Dataset entries:
::::

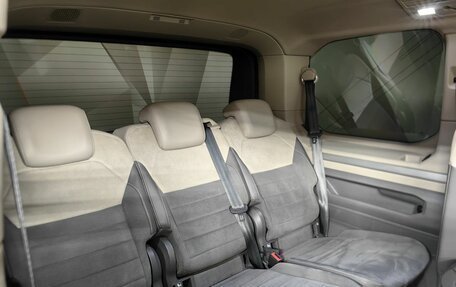 Volkswagen Multivan, 2022 год, 5 850 000 рублей, 14 фотография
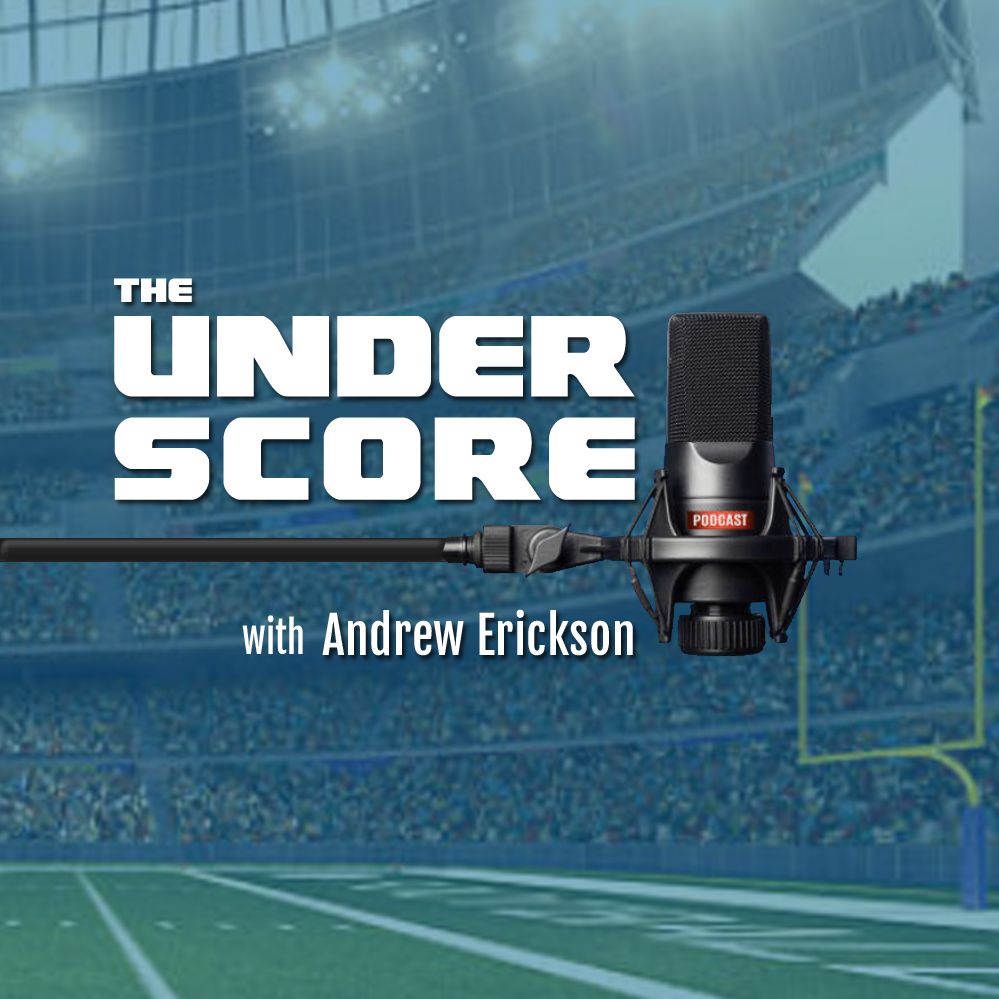 The Underscore Podcast: The Fantasy Football Almanac with Sean Ryan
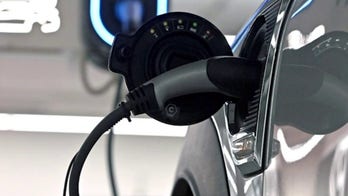 Proposed EV solutions are 'costly' and 'won't work very well': Bjorn Lomborg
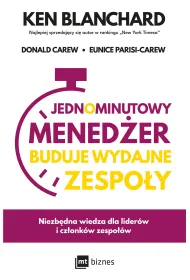Jednominutowy Mened�er buduje wydajne zespo�y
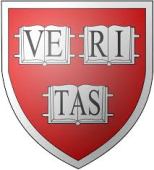 Harvard Shield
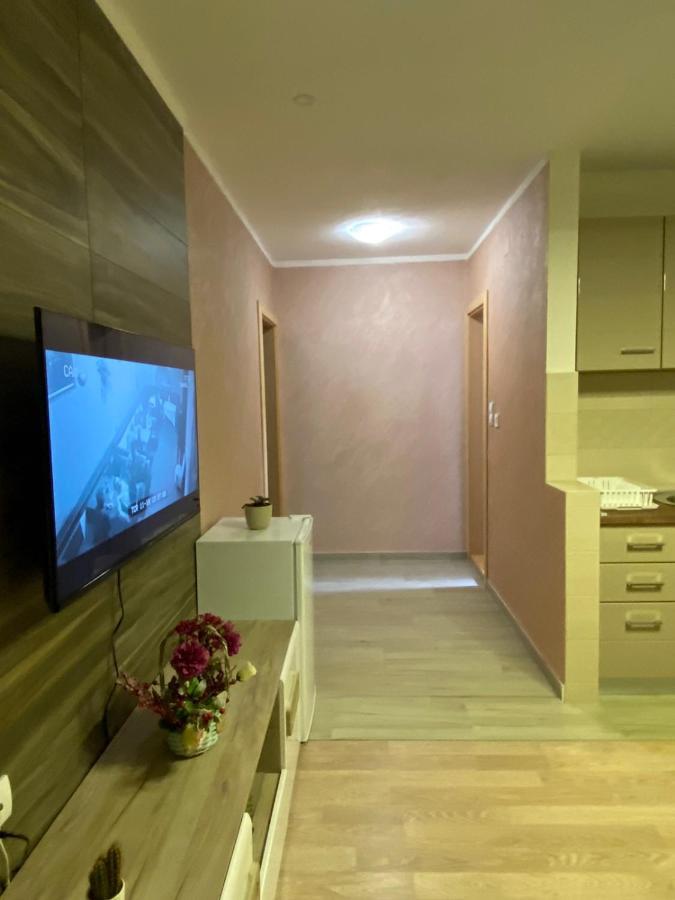 Apartmani Zecevic Budva Dış mekan fotoğraf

::::

To do:
The expected output is exactly the lines from the one containing "Harvard Shield" through the last line of the listing, both included, with every picture left out.

Response to the task:
 Harvard Shield
 Apartmani Zecevic Budva Dış mekan fotoğraf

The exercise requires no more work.